◆ Aim of the task
Output each line exactly as written, from the first line of the records to the line bearing "[BUNJANG] Natural Ebony", inclusive, while leaving every picture out.

=== Section Start ===

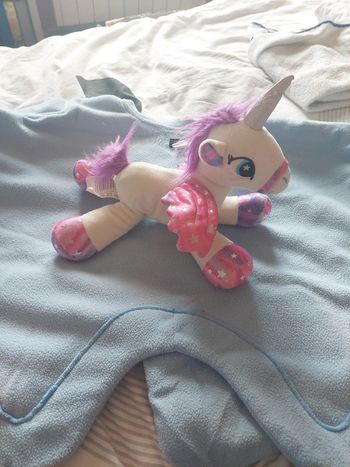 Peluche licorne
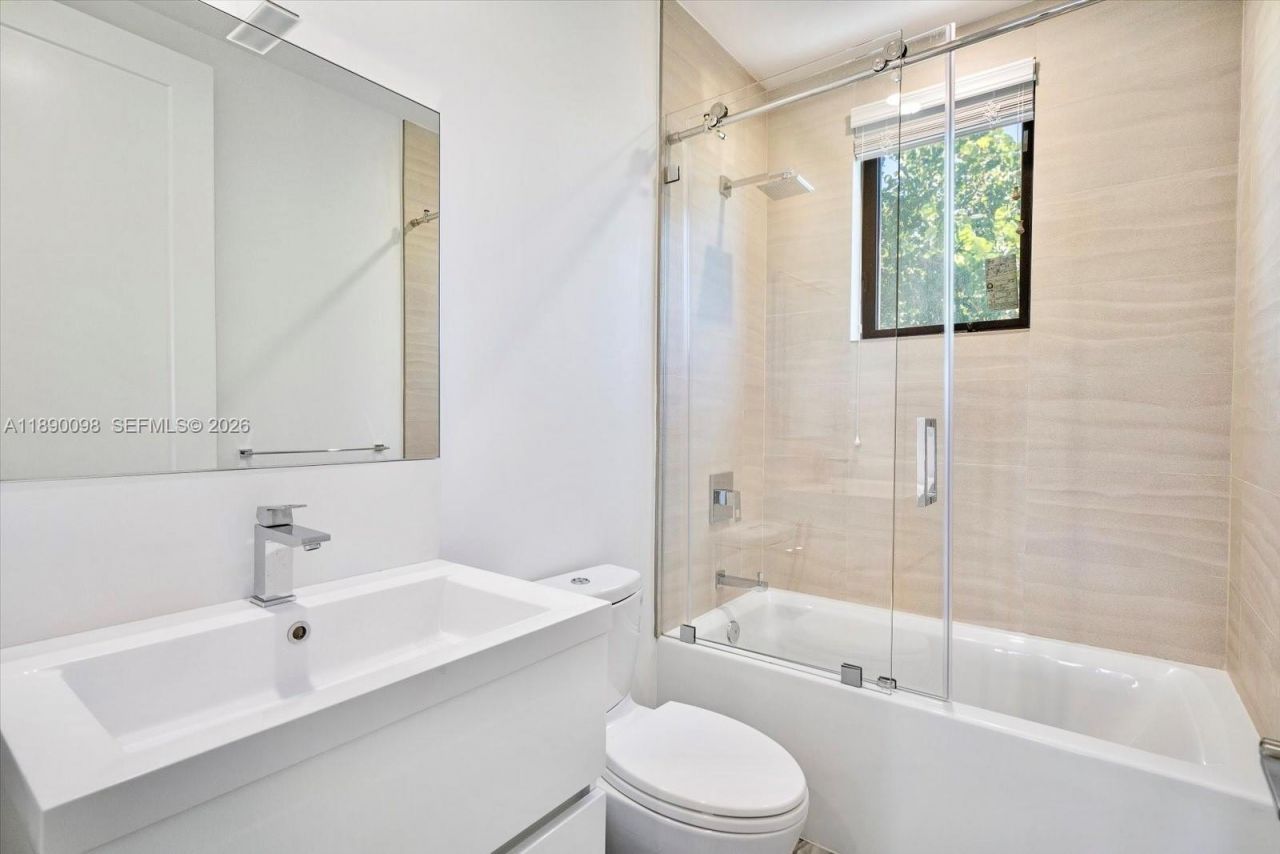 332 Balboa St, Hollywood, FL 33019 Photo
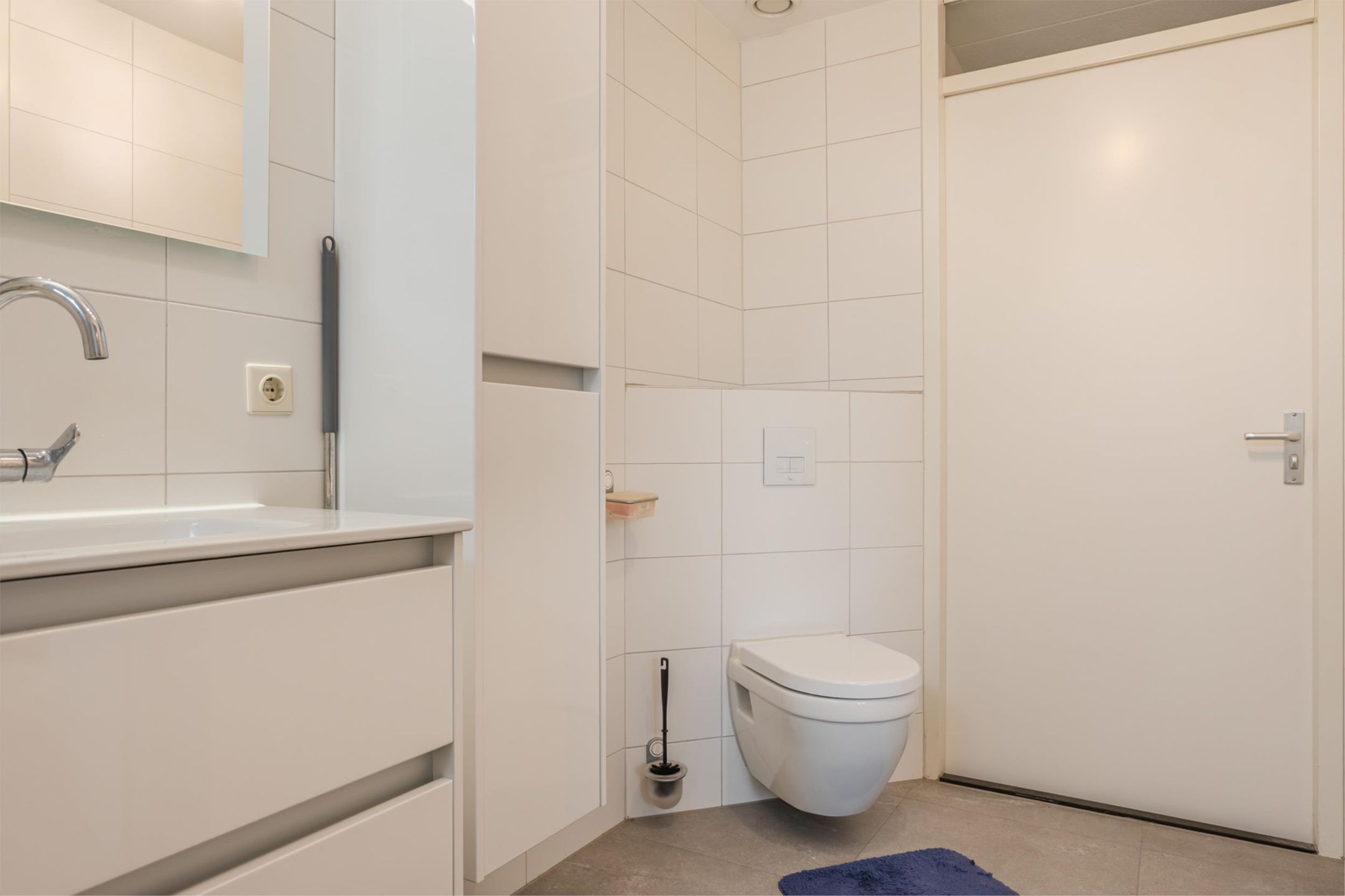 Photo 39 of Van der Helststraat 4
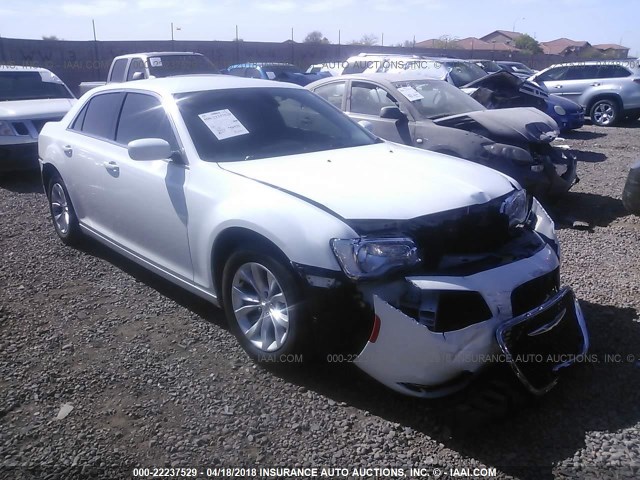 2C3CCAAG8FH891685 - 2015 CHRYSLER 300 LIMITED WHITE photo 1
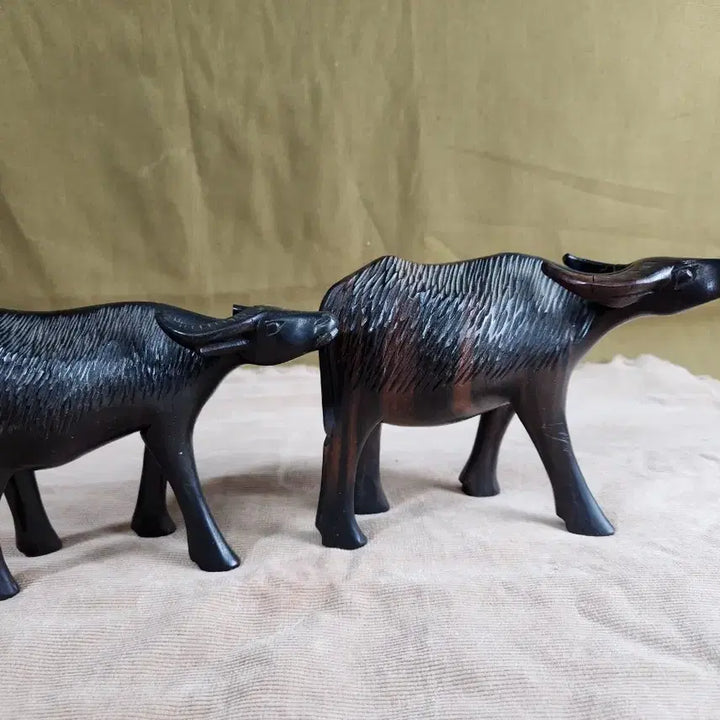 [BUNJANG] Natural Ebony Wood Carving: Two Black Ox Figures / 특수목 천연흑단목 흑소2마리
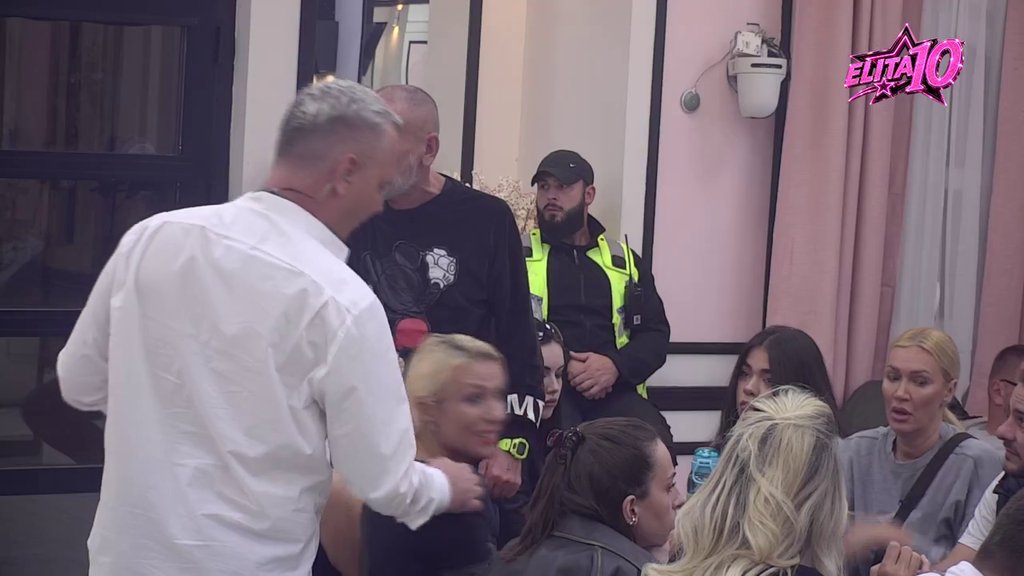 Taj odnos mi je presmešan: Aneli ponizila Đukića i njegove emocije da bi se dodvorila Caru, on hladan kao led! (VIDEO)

=== Section End ===

◆ Task output
 Peluche licorne
 332 Balboa St, Hollywood, FL 33019 Photo
 Photo 39 of Van der Helststraat 4
 2C3CCAAG8FH891685 - 2015 CHRYSLER 300 LIMITED WHITE photo 1
 [BUNJANG] Natural Ebony Wood Carving: Two Black Ox Figures / 특수목 천연흑단목 흑소2마리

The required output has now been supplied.